In the pianistic world, EPTA’s international conferences are perennially popular and always viewed as something special. For this year’s event, which is being organised in cooperation with EPTA Austria and the Ludwig van Beethoven Department of Piano and Harpsichord in Music Education, the University will be welcoming lecturers and panellists from the USA, Canada, and many European countries. Around 250 participants (who teach at universities, academies, conservatories, and music schools) will be present to engage in both teaching-related and artistic exchange. This year’s theme—Piano & More—inspires and moves one to expect an accordingly diverse and interesting range of contributions. Does the word “More” here refer to “more” players? “More” instruments? “More” than just the keyboard? “More” than “just” classical music? “More” than just the piano’s sound? “More” to be heard than just notes? “More” success thanks to the employment of learning amplifiers? “More” than just playing composed notes? Or a sort of “more” in which the piano might assume the role of a resonating body?

´The openness of this theme makes possible—and indeed does include—a wide variety of things. Carol Gingerich (USA) will be speaking on Time and Space – The Piano as a Resonator, while Jessica Johnson (USA) will expand the pedagogical field of play by all-over bodily motion in Exploring Sound Through Musical Embodiment and “Con-Dancing”. Johnson explores ways of integrating the mind, the body, and feelings (at but also away from the piano) into both teaching and practicing. Multisensory and holistic experiences, she points out, are central to finding a sound that’s appropriate to the situation at hand. “Con-Dancing” is her name for a combination of conducting and dance rounded out by video clips and interactivity that aims to establish freedom, natural breathing, and spontaneity as basic parameters of every musical act. “The Piano is Too Loud!”—this is a central exclamation by Miha Haas (SVN) and Gal Faganel (USA) in their Acoustical Considerations and Practical Solutions for Performance of Duo Sonatas with Cello and Piano. They analyse recordings of selected works for cello and piano (by Beethoven, Brahms, and Prokofiev) to first gather examples of acoustic problems that occur when these two instruments play together and then—by means of “listening without seeing”—introduce the audience to various ways of seating the musicians in relation to one another. The results of these analyses and the insights gleaned from “hearing without one’s eyes” are then juxtaposed, perhaps allowing conclusions to be drawn regarding strategies for using the available space onstage. Finally, the issue of volume will take on an entirely different character in the compositions for the space inside the piano by Mathilde Hoursiangou (A) that will be introduced. This conference will thus deliver the aforementioned “more” in quite a number of different respects.

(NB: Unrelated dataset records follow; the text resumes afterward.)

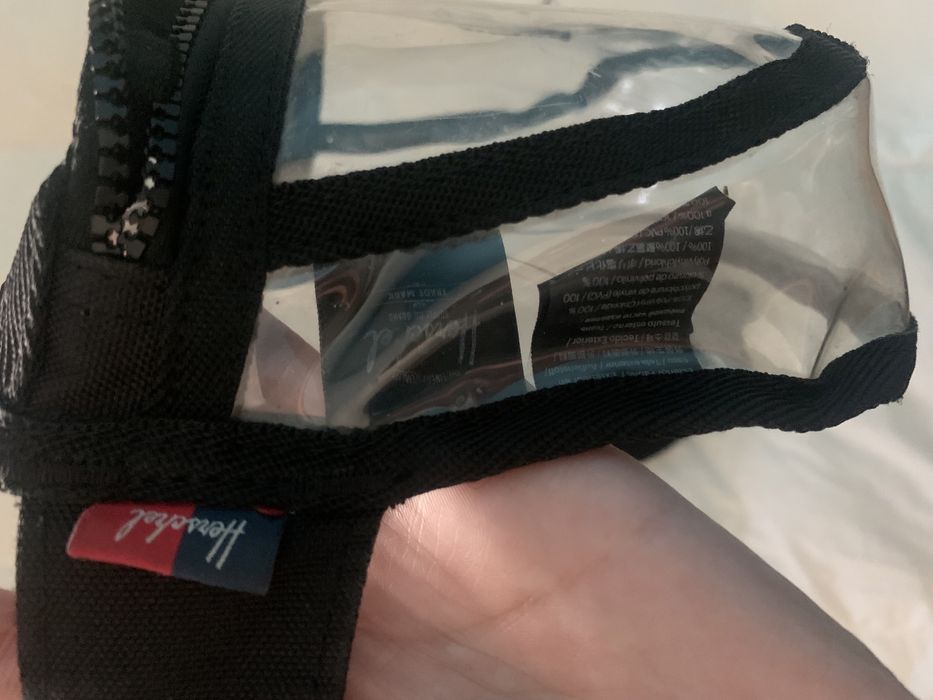 Mala hercshel transparente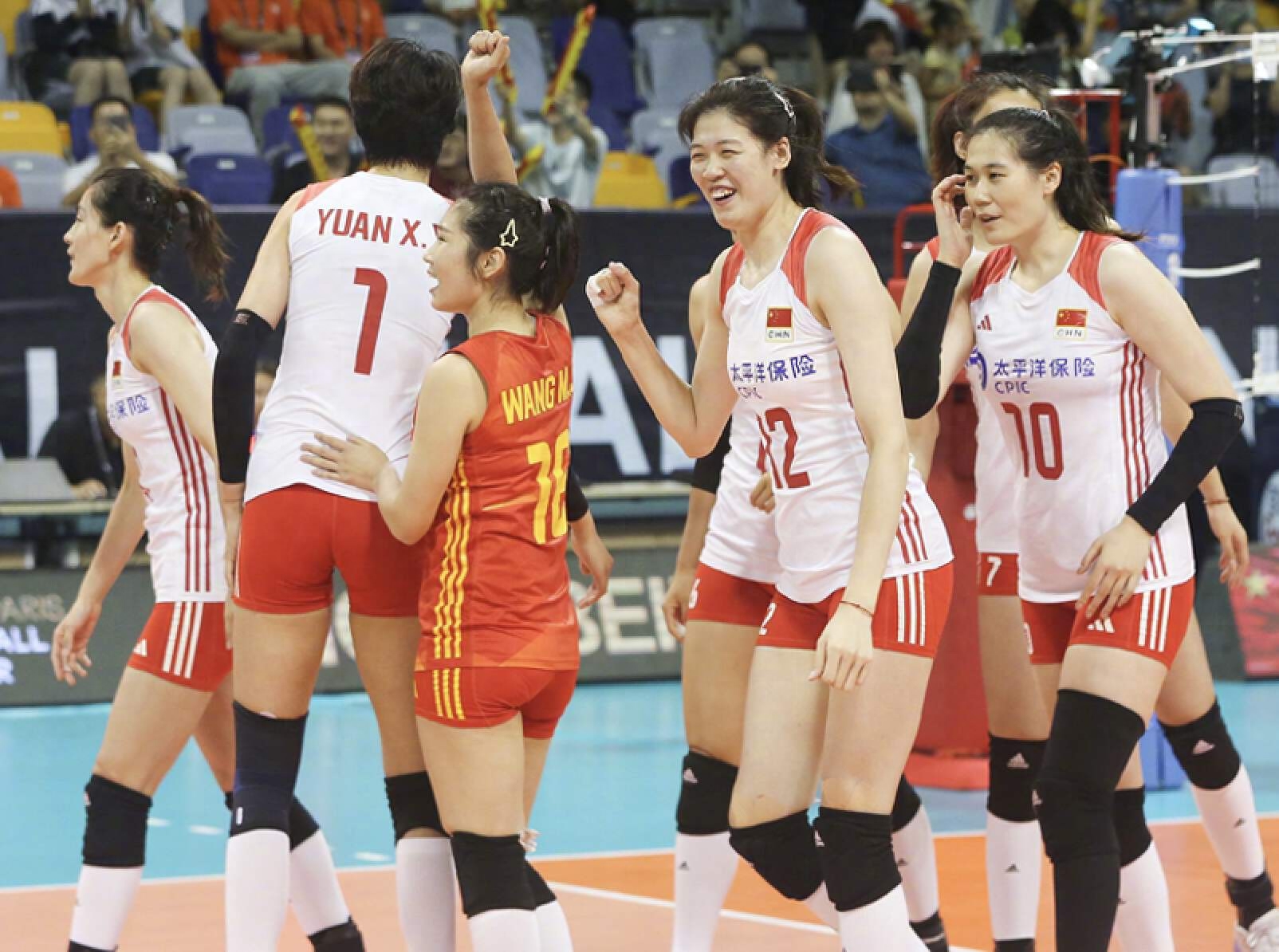 中国代表团表现出色，囊括多面金银铜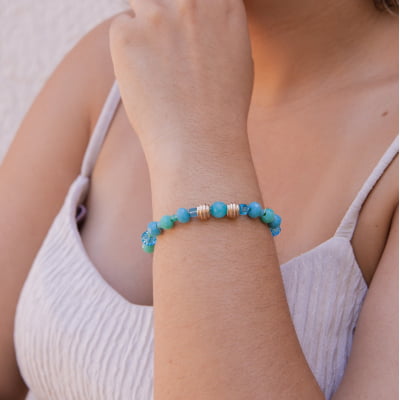 Pulseira bordada a mão com cristais azuis e metais folheado em ouro 18k 402170000000021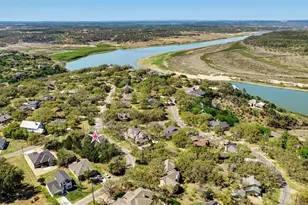 000 Eton Ln, Spicewood, TX 78669 - Photo 19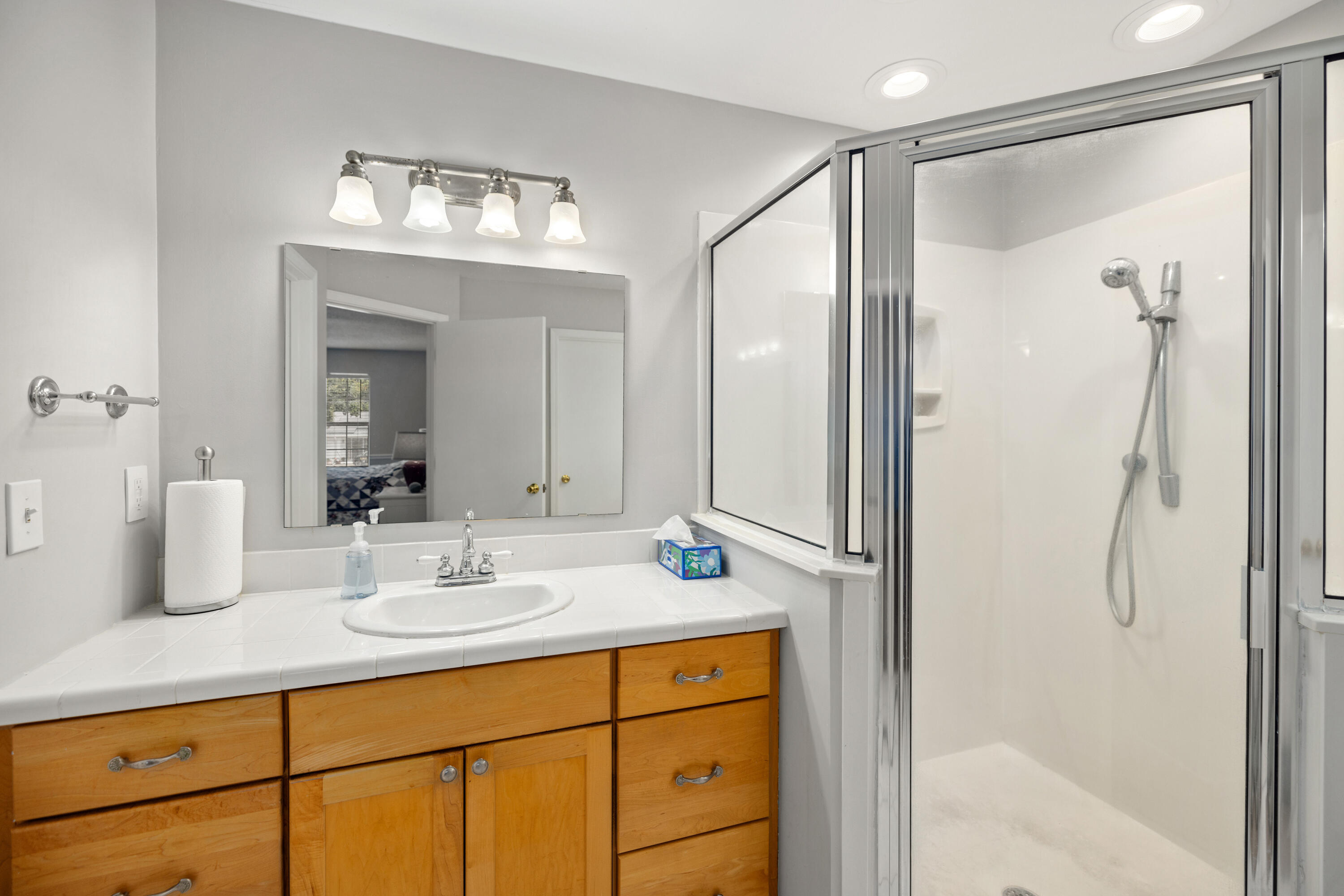 LAKE LORRAINE ESTATES - Residential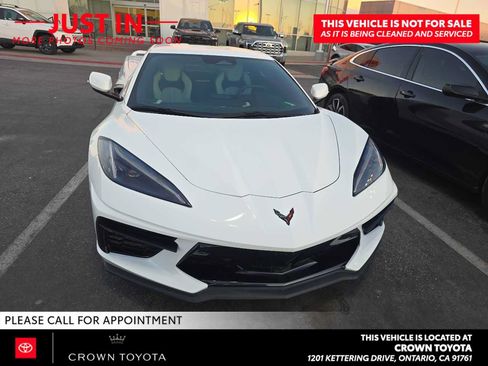 Used 2024 Chevrolet Corvette Stingray Preferred Cpe w/ Z51 Performance Package RWD image 2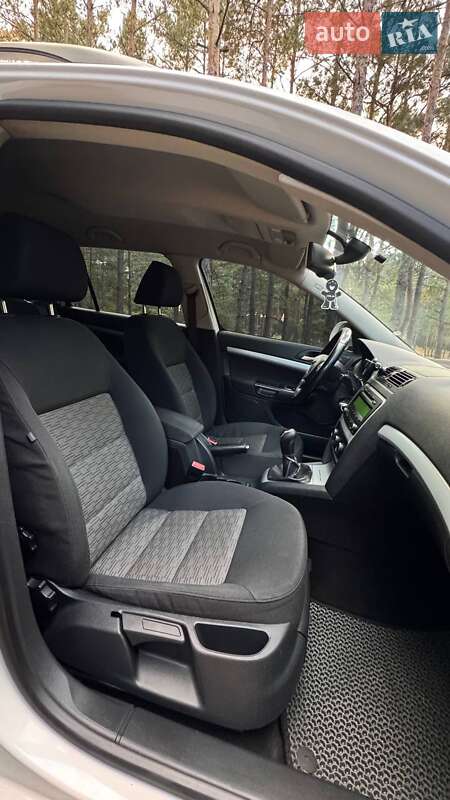 Універсал Skoda Octavia 2011 в Сарнах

Contributions will also come from the co-organising Ludwig van Beethoven Department: Elisabeth Aigner-Monarth will present TWOgether – Piano and – … An Innovative Approach to Chamber Music for Young Pianists, Albert Sassmann will focus on a special competitive event in The Mauricio Kagel Composition Competition: Putting Contemporary Piano Works for Young Learners to the Test, and Konstantin Semilakovs will present Colour – Music by Scriabin and Messiaen: Revealing the Phenomenon of Synaesthesia. This last-mentioned contribution will illustrate synaesthesia both through the pianistic performance of two short pieces by Scriabin and Messiaen and via theoretical observations. Although these two composers came from different traditions and aspired to differing aesthetic ideals, their conceptions of “colour in music” most decidedly did have certain things in common. Independently of each other, Scriabin and Messiaen arrived at similar basic chord structures and referred to a relationship between the perception of colour and the employment of consonances. Konstantin Semilakovs will also introduce a study in which both musicians and non-musicians tell of their perception of colour in music, allowing certain interpretational conclusions for pianists to be drawn. Furthermore, the Beethoven Department will also be presenting Semilakovs’ work in the form of a “Piano Pedagogical Lab”.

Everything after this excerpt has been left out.